[R-sig-ME] Should blocking factors be modeled as random effects?
Prew, Paul
Paul.Prew at ecolab.com
Thu Feb 5 02:20:37 CET 2009
Thank to everyone who replied to my initial query. I've appreciated the
different angles presented for how random effects fit with designed
experiments.
------------------------------
Message: 2
Date: Sat, 31 Jan 2009 10:20:29 -0600
From: Douglas Bates <bates at stat.wisc.edu>
Subject: Re: [R-sig-ME] Should blocking factors be modeled as random
effects?
To: "Prew, Paul" <Paul.Prew at ecolab.com>
Cc: r-sig-mixed-models at r-project.org
Message-ID:
<40e66e0b0901310820n737f27d0nafbbf3b7e299634e at mail.gmail.com>
Content-Type: text/plain; charset=ISO-8859-1
On Mon, Jan 26, 2009 at 2:42 PM, Prew, Paul <Paul.Prew at ecolab.com>
wrote:
> I have been following your R discussion list on mixed modeling for a
> few weeks, in hopes of understanding mixed modeling better. And it
> has helped. I was not aware of the controversy surrounding degrees of
> freedom and the distribution of test statistics. I have just been
> trusting the ANOVA output from software (Minitab, JMP) that reported F
> tests. JMP uses Kenward-Roger, Minitab's ANOVA reports an
> F-statistic, followed by "F-test not exact for this term".
>
> A recent mention by Douglas Bates of George Box, though, hit upon an
> aspect of mixed models that has confused me. I'm an industrial
> statistician, and studied statistics at Iowa State and the University
> of Minnesota. I have had 3 courses in DOE, 2 at the graduate level,
> and none of them mentioned blocking factors could (should?) be modeled
> as random effects. **Exception: the whole plots in a split plot
> design were taught as random effects.**
>
> The 2005 update to Box Hunter Hunter discusses blocking as does Wu &
> Hamada (2000). Both texts model blocking factors such as Days and
> Batches as fixed effects. Montgomery's DOE text, 2009 rev., pretty
> consistently states that blocks can be either random or fixed. Don't
> have a consensus from that small sample.
>
> I'm trying to understand the implications if I consistently used
> random effects for DOE analysis.
>
> I'm quite willing to use R for mixed models, seeing as Minitab, JMP
etc.
> appear to use degrees of freedom calculations that are questionable.
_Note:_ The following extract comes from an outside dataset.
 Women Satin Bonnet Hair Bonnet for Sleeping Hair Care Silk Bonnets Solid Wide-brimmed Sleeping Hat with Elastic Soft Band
> But as Douglas points out --- Box said, "all models are wrong, some
> are useful" => Box's latest text doesn't bother with random effects
> for DOE => does it follow that for practical purposes it's OK to
> consider blocks as fixed? There are certainly several advantages to
> keeping it simple (i.e. fixed only):
> * The analyses we (my statistics group) provide to our chemists and
> engineers are more easily understood
> * The 2-day short courses we teach in DOE to these same coworkers
> couldn't realistically get across the idea of mixed model analysis ---
> they would become less self-sufficient, where we're trying to make
> them more self-sufficient
> * We have a handful of softwares (Minitab, JMP, Design Expert) that
> can perform DOE and augment the results in a number of ways:
> *** fold-over the design to resolve aliasing in fractional designs
> *** add axial runs to enable Response Surface methods
> *** add distributions to the input factors, enabling
> Robustness/Sensitivity analyses
> *** running optimization algorithms to suggest the factor settings
> that simultaneously consider multiple objectives
> ***** Not to mention the loss of Sample Size Calculations, far and
> away my most frequent request None of these softwares recognize random
> factors to perform these augmentations
>
> Replacing this functionality with R is going to be a high learning
> curve, and probably not entirely possible. My coding skills in R
> consist of cutting and pasting what others have done.
>
> I don't really expect that there's a "right" answer to the question of
> random effects in DOE. But I do believe that beyond the loss of
> p-values, there are other ramifications for advising experimenters,
> '"You can't trust results from your blocking on Days (or Shifts or RM
> Lots or Batches, etc) unless they are modeled as random effects."
>
> There's statistical significance, and practical significance. My hope
> is that blocks while random effects are statistically "truer", their
> marginal worth over fixed effects in DOE is ignorable. Again, I don't
> want this to come across as shooting the messenger, you are only
> laying out the current state of art and the work that remains to be
> done. But any insight you can provide into what's practical right now
> would be highly interesting.
Thanks for bringing up the topic, Paul. As you and I know, you
originally sent your question to me and I encouraged you to send it to
this list.
As I wrote in my initial response to you, "My off-the-cuff reaction is
that in these situations the effects of blocking factors are regarded as
nuisance parameters whereas in many mixed-model situations the variances
and sometimes the values of the random effects are themselves of
interest. When the effects are nuisance parameters the simplest
approach is to model them as fixed effects."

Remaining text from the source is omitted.